Solitude created space for her to mine so many formative experiences to use as fodder for her book’s critical nuggets. On early mornings and evenings, she jotted vignettes in her accessible, chatty style, illuminating the “teeny tiny magic moments” that both ground and propel her. We learn the value of a pen pal, that blush is a must and how to disarm by tacking on y’all to the end of a sentence.
Blodgett built a cosmetics empire by screwing the rules. Instead of projecting a haughty image, like most beauty brands, both the entrepreneur and bareMinerals ooze relatability, love, deep human connection and a little magic. She called employees to the lobby for 2 p.m. dance breaks. She replied to fan mail with handwritten notes, solicited customer feedback on which products to create, and offered a job, on the spot, to a helpful Starbucks barista. She dispensed with her collection of 8,000 lucky pennies by packing each one into a lipgloss kit dubbed “Change Is Good.”(Suggestion No. 59: “Write Taglines for Fun.” No wonder she’s got 97 cleverly titled insights.)
At age 57, Blodgett is most concerned with supporting others, having fun, being happy and making others happy. She advises Sara Blakely of Spanx, sits on accessories brand Stella and Dot’s board, and just traveled to Africa with Christy Turlington as part of her work with the Every Mother Counts campaign. She also backs women-led upstarts like Skin Te, Aday and Kinship.

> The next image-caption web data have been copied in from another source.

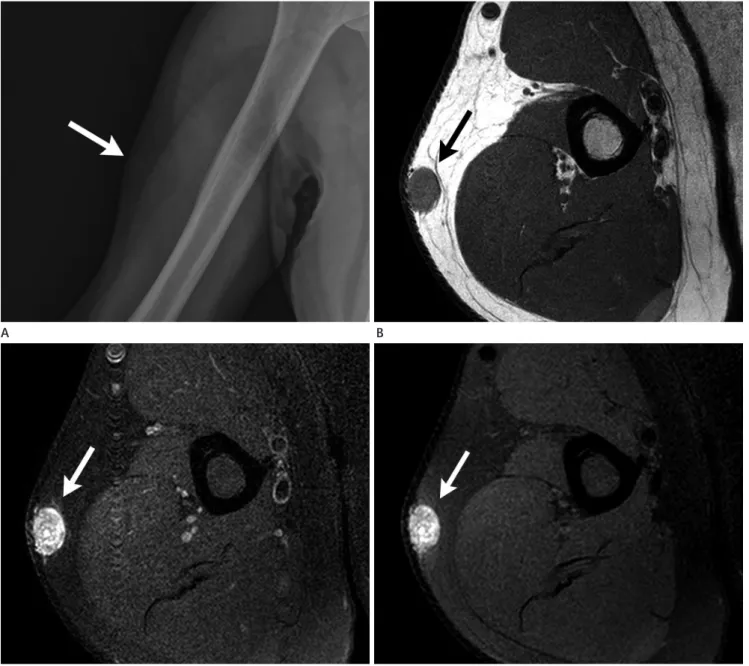Fig. 1. A. A plain radiograph of the right humerus showing a soft tissue nodule (arrow).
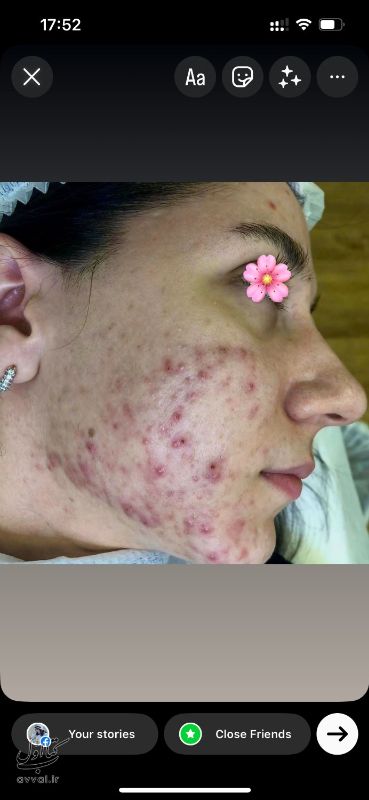 مرکز تخصصی پوست خانه ی امید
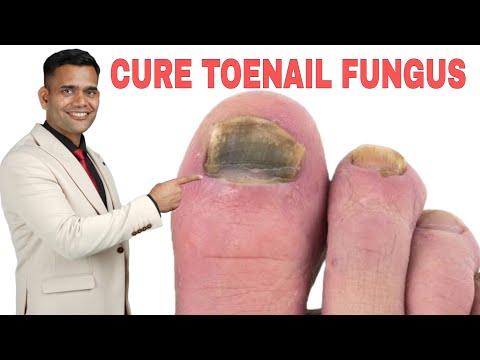 Best Toenail fungus Treatment Naturally | Cure Toe Nail Fungus at Home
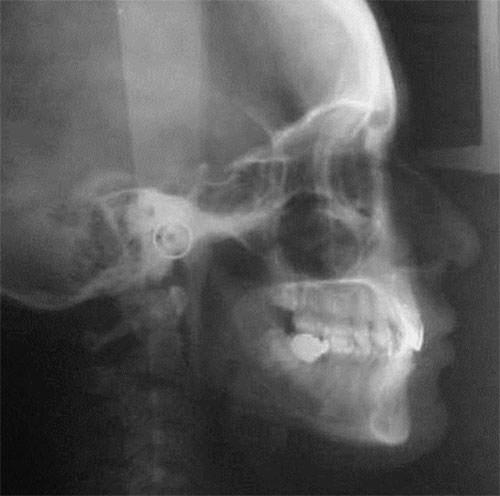 Fig. 6 Radiografía lateral de cráneo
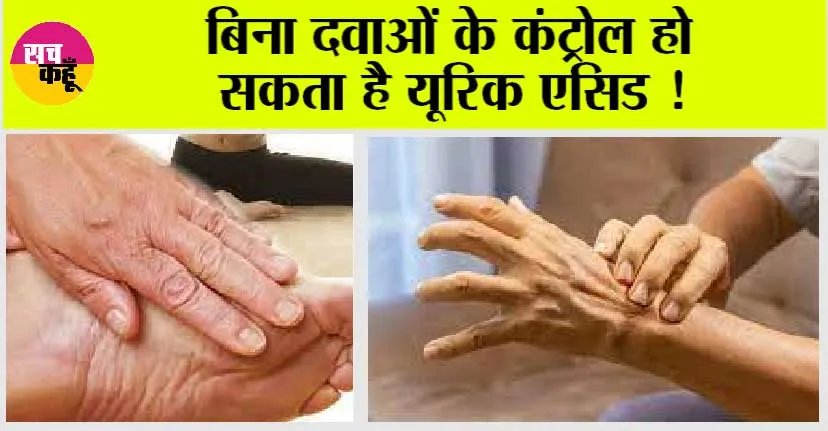 Uric Acid: बिना दवाई के ऐसे कम करें यूरिक ऐसिड
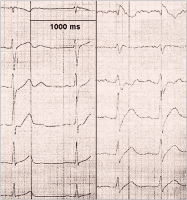 Abbildung 2: ECG leads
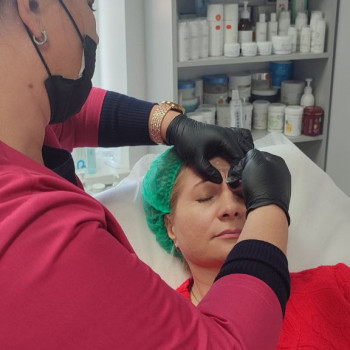 Ботулінотерапія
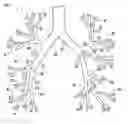 Fig. 01 - MONOPOLAR ENERGY DELIVERY DEVICES AND METHODS FOR CONTROLLING CURRENT DENSITY IN TISSUE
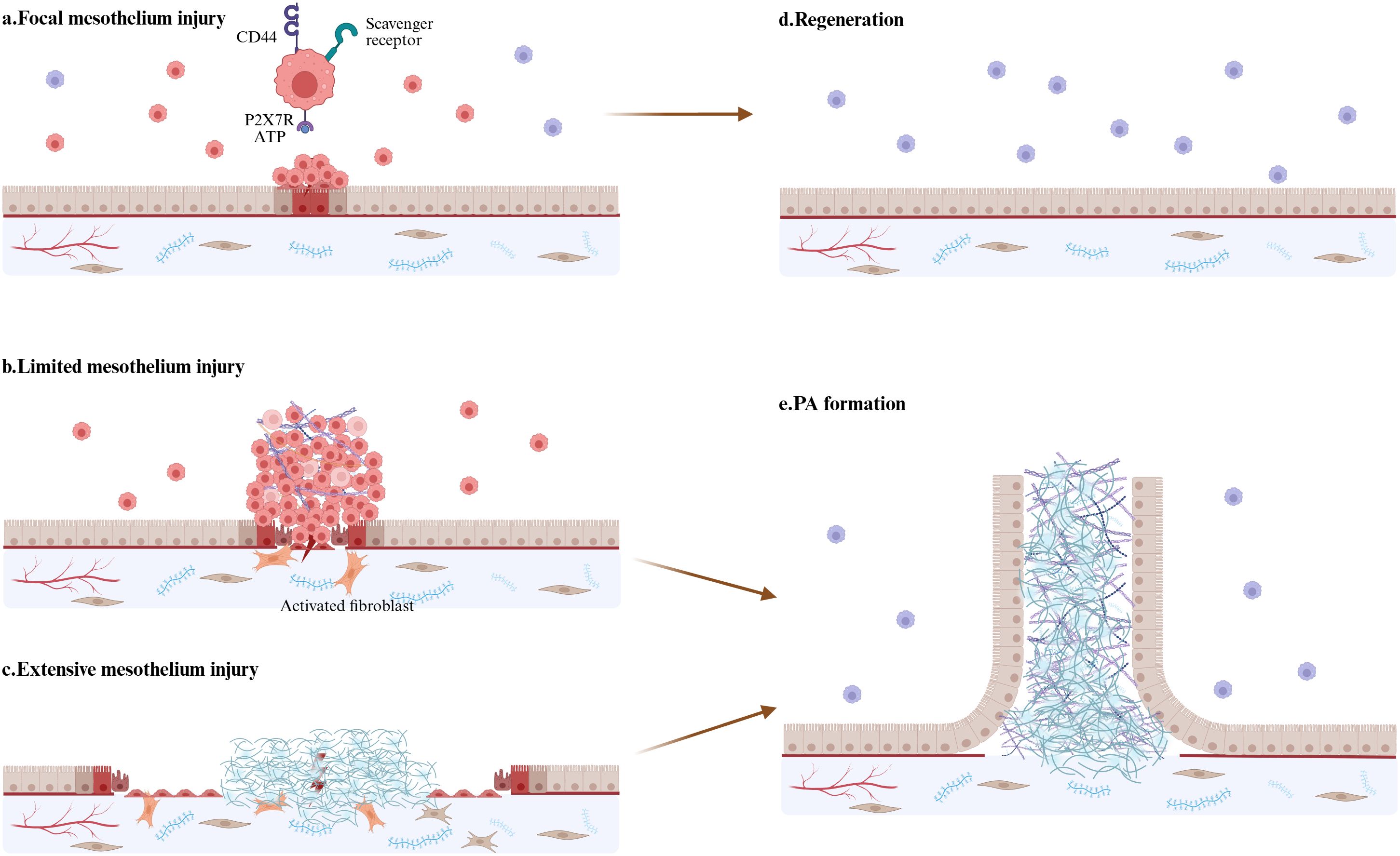 Diagram illustrating mesothelium injury and responses: (a) Focal injury with signaling molecules, (b) limited injury with activated fibroblasts, (c) extensive injury leading to fibrosis, (d) regeneration, (e) PA formation with accumulated cellular and fibrous materials.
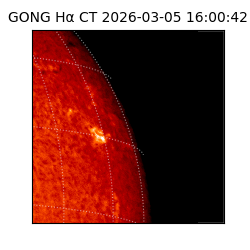 gong - 2026-03-05T16:00:42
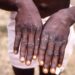 Japan Agrees To Ship Mpox Vaccine To DRC
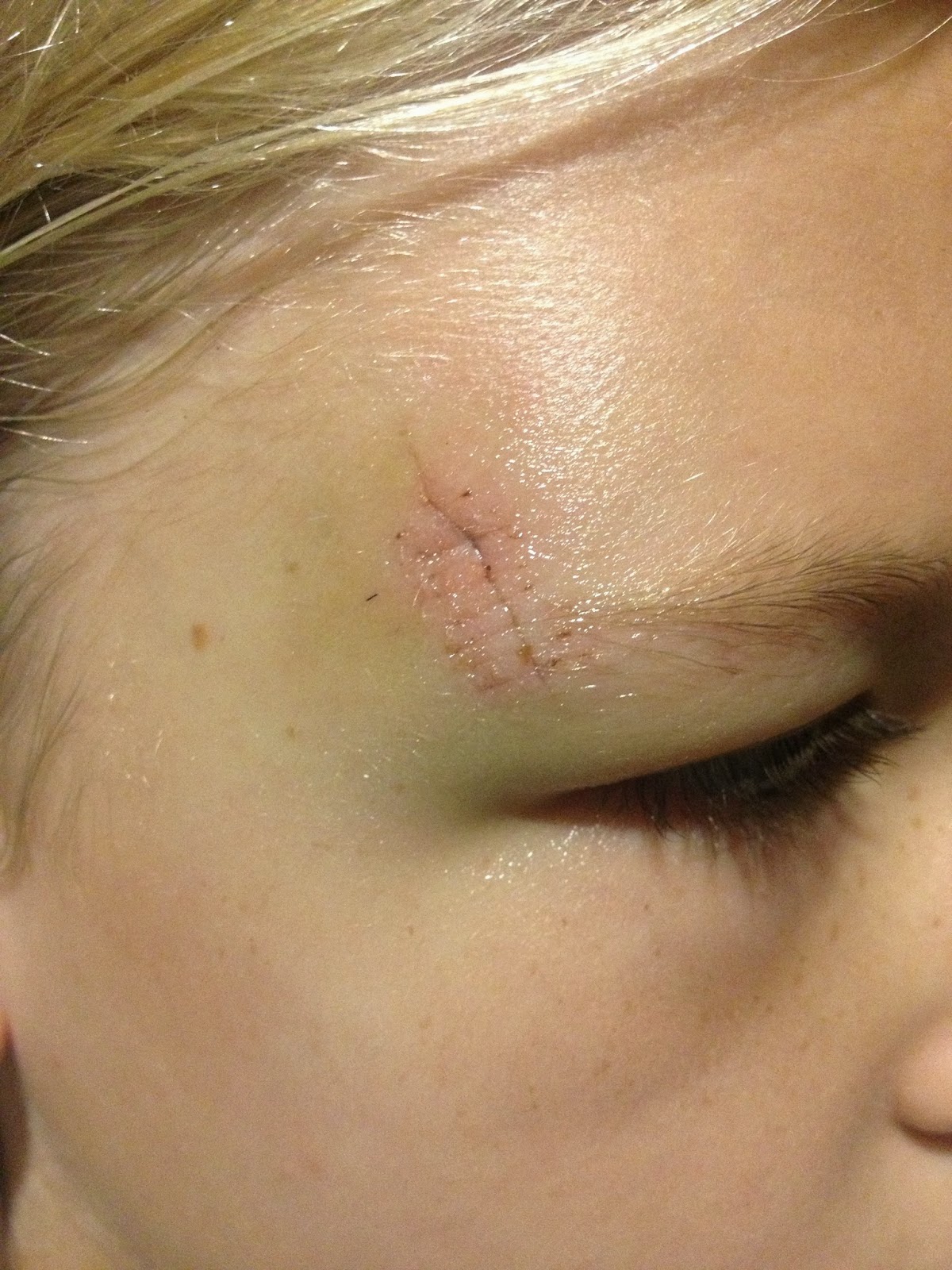 GOT MOXY? Bunk Bed Injuries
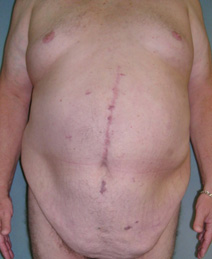 Tummy Tuck Before and After Photos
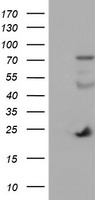 PBX1 Antibody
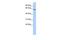 Potassium Voltage-Gated Channel Modifier Subfamily G Member 4 antibody, GTX47625, GeneTex, Western Blot image 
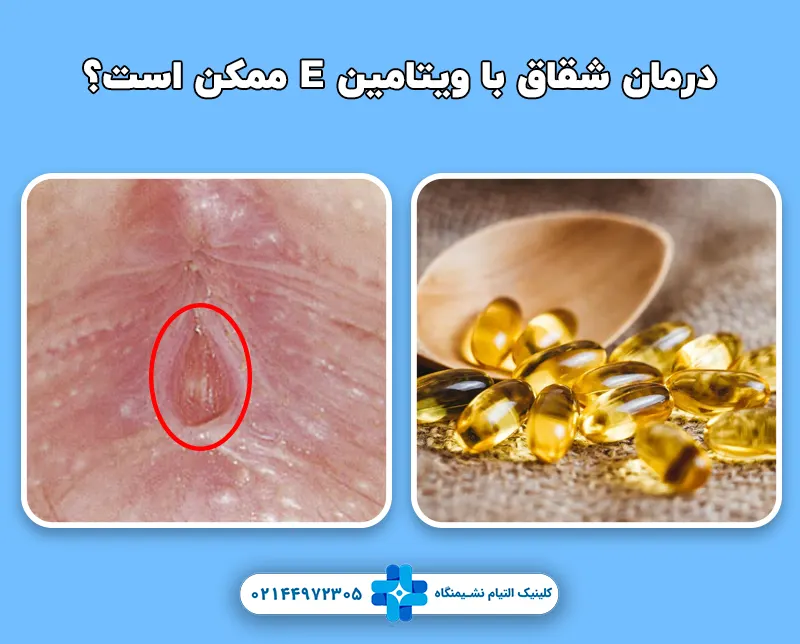 درمان شقاق با ویتامین ای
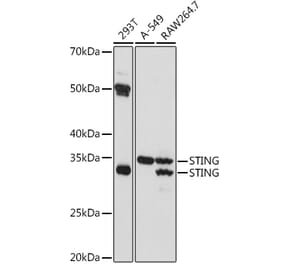 Western Blot - Anti-STING Antibody (A309483) - Antibodies.com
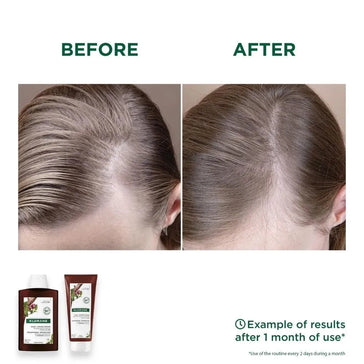 Klorane Anti-Haarausfall Shampoo + Conditioner - Hairgivers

She’s concerned with retaining wonder, appreciating nature (like that ancient tree in her front yard), and reveling in our insignificance, how we’re all just “a tiny part of infinity.” She says: “I don’t need to reach for the stars today. I just need to plug in the coffeemaker to feel like I made it.”
Who wouldn’t want a crib sheet for adopting her outlook?
Blodgett says she chooses to be lucky. That’s Pretty Good Advice concept No. 16. She believes this so deeply that, sometimes, she whispers in people’s ears, “I’m really lucky, so consider rubbing my elbow.” She once said that to Richard Branson at a resort bar. He responded: “Well, I’m really lucky.”
After reading her irreverent self-help manual, Blodgett’s fans might find themselves giving out free compliments, giving away favorite dresses to friends, counting bunnies, spacing out more, reading horoscopes, forming a bridge club or taking up a yarn sport. Their relationship with their mother could improve. Will it change lives? Absolutely not. “You have to change your own life,” Blodgett quips. “And I am here to support you.”